This is my logo image
My Blog >> Blog Posts >> In the Chair

May 24, 2010

Now that I’m writing this blog, I’ve been on the lookout for intersections where cancer and writing meet. Cancer and writing…cancer and writing...

Here’s one. Today was my monthly treatment day. Treatments change over time. As one type ceases to outsmart the wily cancer, a new treatment is prescribed.

For a while I was going to the hospital only every three months, and so those appointments felt somehow strange, as if I were moonwalking. Now I’m back to monthly hospital visits with different combinations of treatments and practitioners each time.

For now I get two shots every month. Every three months, I receive an intravenous infusion of a drug that builds bone to offset the bone-eating tendencies of the cancer. The drug takes only twenty minutes to administer, but I have to wait a long time for all of my blood tests to confirm that I’m good to go.

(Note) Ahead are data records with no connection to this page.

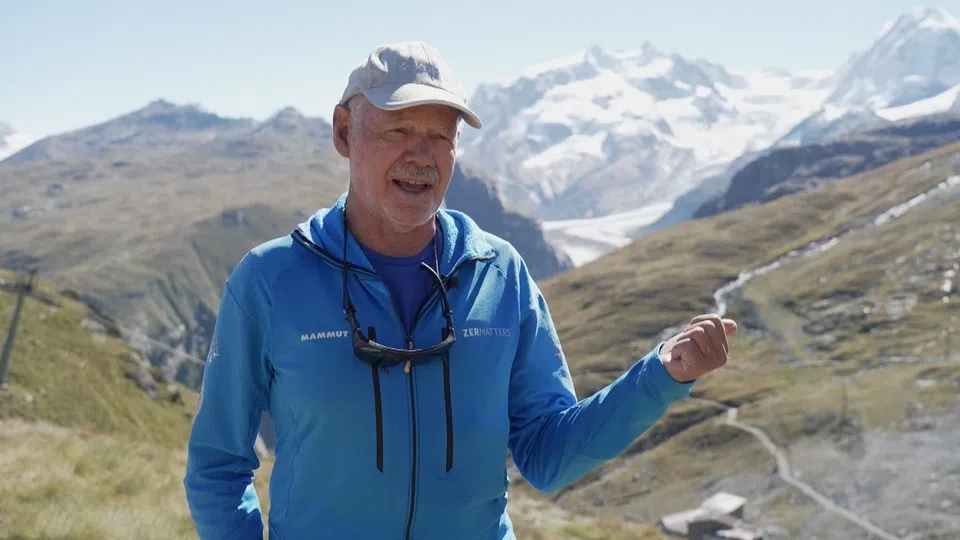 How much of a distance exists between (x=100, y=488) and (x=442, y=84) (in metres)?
9.46

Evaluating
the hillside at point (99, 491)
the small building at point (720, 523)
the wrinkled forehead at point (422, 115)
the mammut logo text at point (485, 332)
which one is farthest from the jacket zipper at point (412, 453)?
the small building at point (720, 523)

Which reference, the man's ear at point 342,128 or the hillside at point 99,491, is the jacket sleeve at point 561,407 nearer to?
the man's ear at point 342,128

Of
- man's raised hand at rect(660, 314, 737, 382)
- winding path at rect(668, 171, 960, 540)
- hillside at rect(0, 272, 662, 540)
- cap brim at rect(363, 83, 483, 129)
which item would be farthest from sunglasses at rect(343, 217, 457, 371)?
winding path at rect(668, 171, 960, 540)

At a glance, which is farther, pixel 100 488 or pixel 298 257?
pixel 100 488

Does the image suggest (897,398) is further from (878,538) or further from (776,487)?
(878,538)

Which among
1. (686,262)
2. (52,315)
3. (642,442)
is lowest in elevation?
(642,442)

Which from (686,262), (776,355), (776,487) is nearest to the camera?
(776,487)

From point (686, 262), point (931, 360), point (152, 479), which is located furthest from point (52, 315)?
point (686, 262)

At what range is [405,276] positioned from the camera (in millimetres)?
4605

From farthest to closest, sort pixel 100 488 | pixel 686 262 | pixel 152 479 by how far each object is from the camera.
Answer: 1. pixel 686 262
2. pixel 152 479
3. pixel 100 488

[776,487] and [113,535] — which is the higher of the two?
[113,535]

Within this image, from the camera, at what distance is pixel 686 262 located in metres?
186

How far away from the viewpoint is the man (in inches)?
166

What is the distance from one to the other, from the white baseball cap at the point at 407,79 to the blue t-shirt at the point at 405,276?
777 millimetres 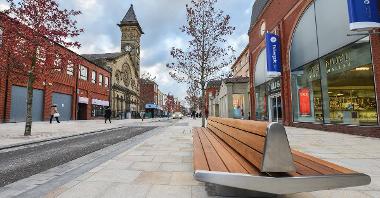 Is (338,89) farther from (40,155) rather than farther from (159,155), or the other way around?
(40,155)

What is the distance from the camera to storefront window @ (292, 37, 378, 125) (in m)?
10.6

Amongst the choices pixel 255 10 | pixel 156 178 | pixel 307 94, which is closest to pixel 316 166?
pixel 156 178

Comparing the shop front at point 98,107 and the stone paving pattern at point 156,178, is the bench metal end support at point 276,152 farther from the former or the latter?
the shop front at point 98,107

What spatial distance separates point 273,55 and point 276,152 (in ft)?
55.2

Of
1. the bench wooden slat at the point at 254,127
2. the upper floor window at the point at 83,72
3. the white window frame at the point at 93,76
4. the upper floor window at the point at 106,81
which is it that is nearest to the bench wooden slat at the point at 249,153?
the bench wooden slat at the point at 254,127

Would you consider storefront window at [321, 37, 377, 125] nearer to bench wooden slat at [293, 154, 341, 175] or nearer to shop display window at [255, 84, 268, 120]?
bench wooden slat at [293, 154, 341, 175]

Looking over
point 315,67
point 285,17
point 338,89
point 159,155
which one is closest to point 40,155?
point 159,155

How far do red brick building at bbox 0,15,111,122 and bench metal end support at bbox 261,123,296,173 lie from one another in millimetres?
12990

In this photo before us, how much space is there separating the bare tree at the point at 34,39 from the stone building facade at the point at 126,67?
31.9 meters

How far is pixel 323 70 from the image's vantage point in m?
13.5

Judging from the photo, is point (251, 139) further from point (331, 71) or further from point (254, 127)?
point (331, 71)

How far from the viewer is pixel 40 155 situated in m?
7.17

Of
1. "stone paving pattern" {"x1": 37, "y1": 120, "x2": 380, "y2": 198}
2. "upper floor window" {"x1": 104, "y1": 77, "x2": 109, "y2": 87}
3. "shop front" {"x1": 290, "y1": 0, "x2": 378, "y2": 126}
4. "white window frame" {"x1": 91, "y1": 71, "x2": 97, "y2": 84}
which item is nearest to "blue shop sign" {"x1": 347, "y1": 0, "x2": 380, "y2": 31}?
"shop front" {"x1": 290, "y1": 0, "x2": 378, "y2": 126}

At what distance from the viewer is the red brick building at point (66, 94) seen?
2220 centimetres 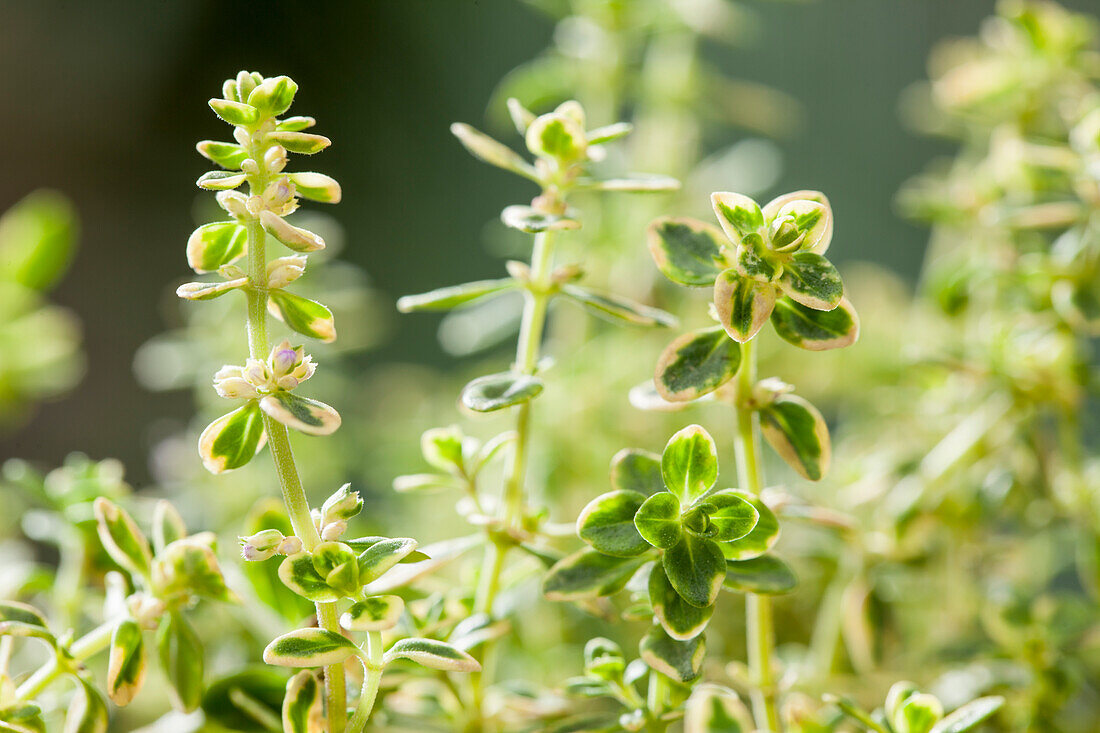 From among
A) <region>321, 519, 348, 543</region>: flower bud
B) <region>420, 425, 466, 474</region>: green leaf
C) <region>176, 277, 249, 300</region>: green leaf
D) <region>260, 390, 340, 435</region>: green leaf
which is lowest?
<region>420, 425, 466, 474</region>: green leaf

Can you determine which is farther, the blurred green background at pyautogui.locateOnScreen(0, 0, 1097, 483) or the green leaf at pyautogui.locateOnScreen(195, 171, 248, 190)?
the blurred green background at pyautogui.locateOnScreen(0, 0, 1097, 483)

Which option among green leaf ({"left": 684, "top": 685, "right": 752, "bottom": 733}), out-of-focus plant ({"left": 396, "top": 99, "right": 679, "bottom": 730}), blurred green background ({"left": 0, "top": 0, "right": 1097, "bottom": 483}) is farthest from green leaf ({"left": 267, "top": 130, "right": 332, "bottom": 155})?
blurred green background ({"left": 0, "top": 0, "right": 1097, "bottom": 483})

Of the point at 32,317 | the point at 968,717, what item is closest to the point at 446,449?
the point at 968,717

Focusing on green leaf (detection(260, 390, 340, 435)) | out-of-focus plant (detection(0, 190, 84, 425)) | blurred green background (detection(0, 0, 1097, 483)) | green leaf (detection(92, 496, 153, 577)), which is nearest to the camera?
green leaf (detection(260, 390, 340, 435))

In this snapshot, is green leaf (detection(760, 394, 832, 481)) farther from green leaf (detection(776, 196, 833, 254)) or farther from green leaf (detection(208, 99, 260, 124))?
green leaf (detection(208, 99, 260, 124))

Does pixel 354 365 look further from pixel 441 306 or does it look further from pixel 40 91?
pixel 441 306

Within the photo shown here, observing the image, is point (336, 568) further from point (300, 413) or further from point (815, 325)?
point (815, 325)

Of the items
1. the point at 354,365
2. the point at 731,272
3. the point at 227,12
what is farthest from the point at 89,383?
the point at 731,272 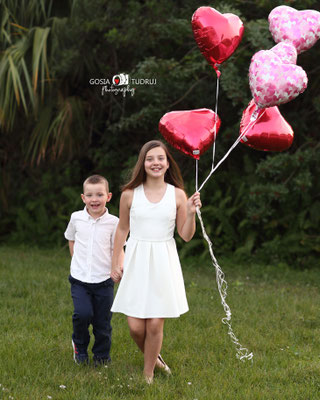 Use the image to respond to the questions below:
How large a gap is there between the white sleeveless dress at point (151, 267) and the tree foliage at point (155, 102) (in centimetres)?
420


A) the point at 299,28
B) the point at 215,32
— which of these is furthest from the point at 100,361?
the point at 299,28

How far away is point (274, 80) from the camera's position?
12.4 feet

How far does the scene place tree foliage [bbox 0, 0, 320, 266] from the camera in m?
8.19

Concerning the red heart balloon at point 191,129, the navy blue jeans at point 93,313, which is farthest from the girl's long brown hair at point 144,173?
the navy blue jeans at point 93,313

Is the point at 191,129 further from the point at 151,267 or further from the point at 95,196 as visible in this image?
the point at 151,267

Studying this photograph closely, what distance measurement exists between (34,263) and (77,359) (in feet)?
13.9

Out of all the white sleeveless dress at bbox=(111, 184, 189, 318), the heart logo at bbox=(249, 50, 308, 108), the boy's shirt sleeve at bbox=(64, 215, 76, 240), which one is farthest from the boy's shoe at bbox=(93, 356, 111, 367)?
the heart logo at bbox=(249, 50, 308, 108)

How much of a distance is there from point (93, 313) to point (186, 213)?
104cm

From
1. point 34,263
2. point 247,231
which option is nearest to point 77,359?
point 34,263

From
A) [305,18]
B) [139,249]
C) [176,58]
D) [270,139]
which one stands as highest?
[176,58]

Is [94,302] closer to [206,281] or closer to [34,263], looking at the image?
[206,281]

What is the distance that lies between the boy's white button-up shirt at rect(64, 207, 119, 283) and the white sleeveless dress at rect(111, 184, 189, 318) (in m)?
0.29

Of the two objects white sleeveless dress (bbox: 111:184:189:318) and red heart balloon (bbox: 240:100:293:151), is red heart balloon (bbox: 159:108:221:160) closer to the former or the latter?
red heart balloon (bbox: 240:100:293:151)

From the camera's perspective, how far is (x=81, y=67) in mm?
9375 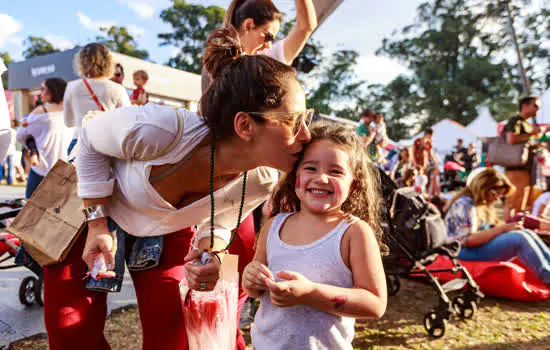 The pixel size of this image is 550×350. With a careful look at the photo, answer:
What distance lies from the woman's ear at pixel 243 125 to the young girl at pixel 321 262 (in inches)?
8.3

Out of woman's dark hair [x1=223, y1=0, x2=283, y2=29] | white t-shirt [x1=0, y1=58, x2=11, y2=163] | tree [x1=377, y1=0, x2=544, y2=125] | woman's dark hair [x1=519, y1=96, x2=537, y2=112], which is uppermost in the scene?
tree [x1=377, y1=0, x2=544, y2=125]

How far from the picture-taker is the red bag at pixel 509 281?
354 centimetres

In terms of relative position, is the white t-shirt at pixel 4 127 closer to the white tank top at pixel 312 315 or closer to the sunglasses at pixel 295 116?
the sunglasses at pixel 295 116

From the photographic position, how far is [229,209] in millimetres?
1665

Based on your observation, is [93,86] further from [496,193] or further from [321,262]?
[496,193]

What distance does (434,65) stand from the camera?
37188 mm

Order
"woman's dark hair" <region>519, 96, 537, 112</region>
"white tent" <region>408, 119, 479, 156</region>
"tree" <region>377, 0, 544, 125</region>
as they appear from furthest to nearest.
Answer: "tree" <region>377, 0, 544, 125</region>
"white tent" <region>408, 119, 479, 156</region>
"woman's dark hair" <region>519, 96, 537, 112</region>

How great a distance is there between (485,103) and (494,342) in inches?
1423

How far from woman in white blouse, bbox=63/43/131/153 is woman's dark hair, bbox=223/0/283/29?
5.07ft

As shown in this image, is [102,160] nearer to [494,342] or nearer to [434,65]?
[494,342]

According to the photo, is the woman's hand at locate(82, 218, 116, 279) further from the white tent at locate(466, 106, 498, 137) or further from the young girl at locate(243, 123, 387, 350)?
the white tent at locate(466, 106, 498, 137)

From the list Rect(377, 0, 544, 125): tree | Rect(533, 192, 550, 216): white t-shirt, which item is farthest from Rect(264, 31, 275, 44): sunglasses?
Rect(377, 0, 544, 125): tree

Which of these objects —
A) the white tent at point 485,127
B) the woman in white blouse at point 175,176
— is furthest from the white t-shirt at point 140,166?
the white tent at point 485,127

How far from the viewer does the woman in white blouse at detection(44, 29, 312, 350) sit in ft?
4.17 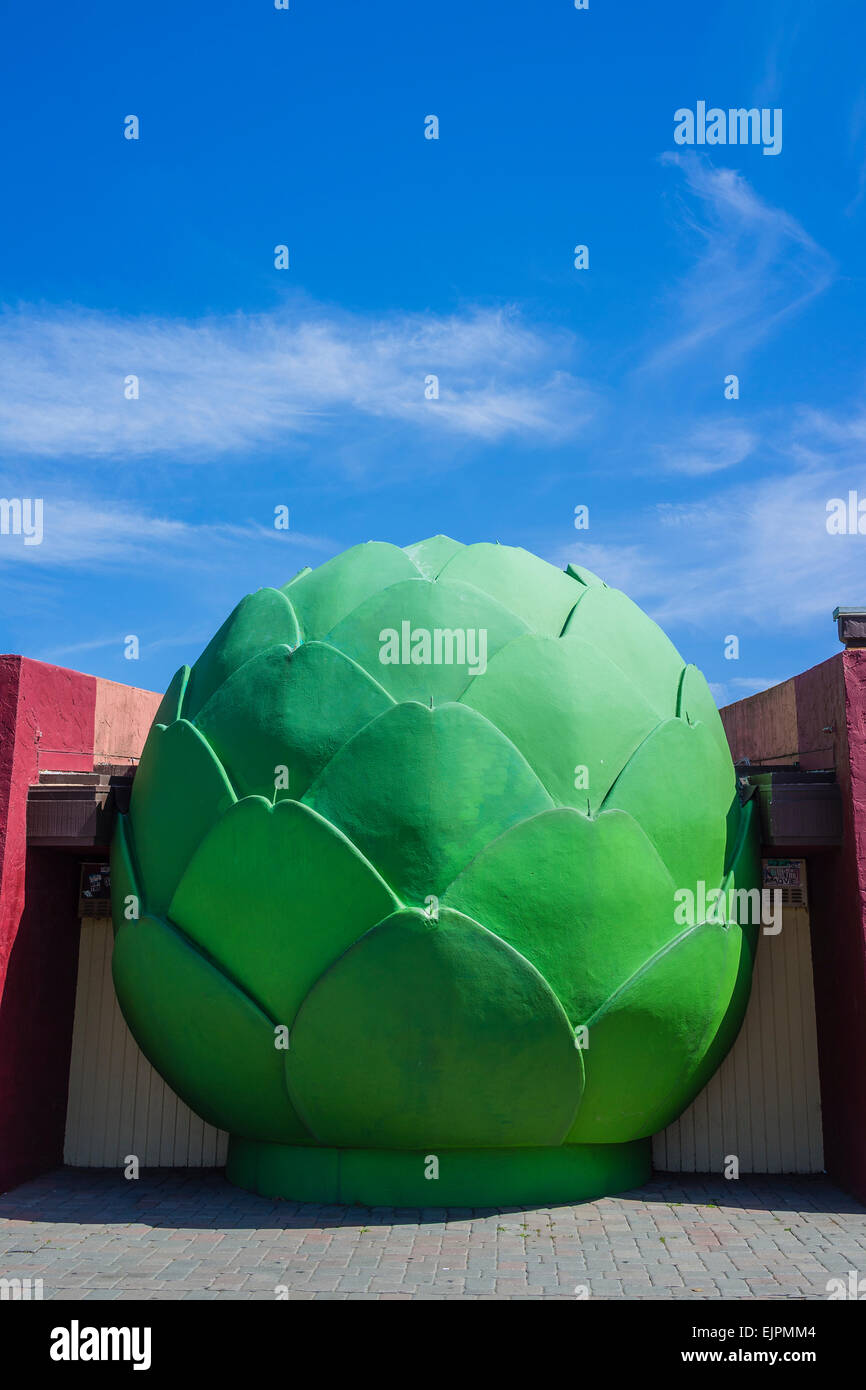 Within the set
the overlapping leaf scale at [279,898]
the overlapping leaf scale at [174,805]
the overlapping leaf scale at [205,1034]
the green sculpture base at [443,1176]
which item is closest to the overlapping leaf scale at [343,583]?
the overlapping leaf scale at [174,805]

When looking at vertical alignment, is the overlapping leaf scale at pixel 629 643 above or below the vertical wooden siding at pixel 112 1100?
above

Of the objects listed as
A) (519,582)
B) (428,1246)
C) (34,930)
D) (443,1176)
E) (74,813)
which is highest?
(519,582)

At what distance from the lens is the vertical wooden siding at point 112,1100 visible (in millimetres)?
8844

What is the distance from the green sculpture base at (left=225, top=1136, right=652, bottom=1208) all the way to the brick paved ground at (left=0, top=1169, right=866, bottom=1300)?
3.6 inches

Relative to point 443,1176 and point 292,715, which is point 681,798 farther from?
point 443,1176

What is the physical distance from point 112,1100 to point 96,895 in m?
1.59

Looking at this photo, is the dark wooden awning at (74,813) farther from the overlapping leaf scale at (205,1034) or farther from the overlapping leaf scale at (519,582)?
the overlapping leaf scale at (519,582)

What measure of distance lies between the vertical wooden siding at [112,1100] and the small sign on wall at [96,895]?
0.30ft

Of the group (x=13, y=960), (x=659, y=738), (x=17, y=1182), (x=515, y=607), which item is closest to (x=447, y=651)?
(x=515, y=607)

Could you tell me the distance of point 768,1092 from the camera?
8.66 m

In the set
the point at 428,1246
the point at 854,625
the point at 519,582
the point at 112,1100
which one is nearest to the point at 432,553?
the point at 519,582

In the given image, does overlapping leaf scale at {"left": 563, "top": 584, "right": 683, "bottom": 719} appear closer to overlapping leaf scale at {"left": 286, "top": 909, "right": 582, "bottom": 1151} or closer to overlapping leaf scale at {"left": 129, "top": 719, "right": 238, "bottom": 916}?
A: overlapping leaf scale at {"left": 286, "top": 909, "right": 582, "bottom": 1151}

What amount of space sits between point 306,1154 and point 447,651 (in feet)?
10.8

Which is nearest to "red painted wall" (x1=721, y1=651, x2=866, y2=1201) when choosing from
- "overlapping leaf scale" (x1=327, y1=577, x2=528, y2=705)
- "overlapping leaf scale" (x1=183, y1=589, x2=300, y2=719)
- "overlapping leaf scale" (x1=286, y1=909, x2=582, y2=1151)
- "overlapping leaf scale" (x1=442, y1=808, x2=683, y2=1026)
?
"overlapping leaf scale" (x1=442, y1=808, x2=683, y2=1026) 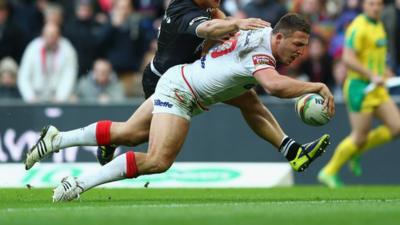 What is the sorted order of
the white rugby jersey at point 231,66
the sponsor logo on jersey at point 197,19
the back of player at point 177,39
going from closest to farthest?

So like the cancer patients whose treatments last for a subjective forever, I settle for hours in one of the reclining chairs in the infusion room, regaled with blankets and pillows, cheered on by angelic nurses.

While in the chair, I either read or grade the papers of my English Comp. students, or else I nap. But one thing I’ve never done in the chair is to write. Why not? I wonder. After all, I’ve written at airport gates, in hotel rooms, in cafés. Why not in one of those big, comfy chairs, in what is, I must say, quite a relaxing environment? 

I suppose I could try—work on a longhand draft the way I used to before the computer devil found its way into my writer’s soul. And yet to do so seems…almost unethical, I think. An oncology infusion room is quite different from a café, where the stimulation of ambient words, the aroma of coffee, the comings and goings of customers are, yes, distracting, but also energizing. “In the chair,” I’m surrounded by people who are suffering in both body and mind. The medical ling-lang, the smell of chemicals, the scuttling about of nurses are way more imposing than is anything in the café ecosystem.

And if I could tune it all out, what kind of writer would I be?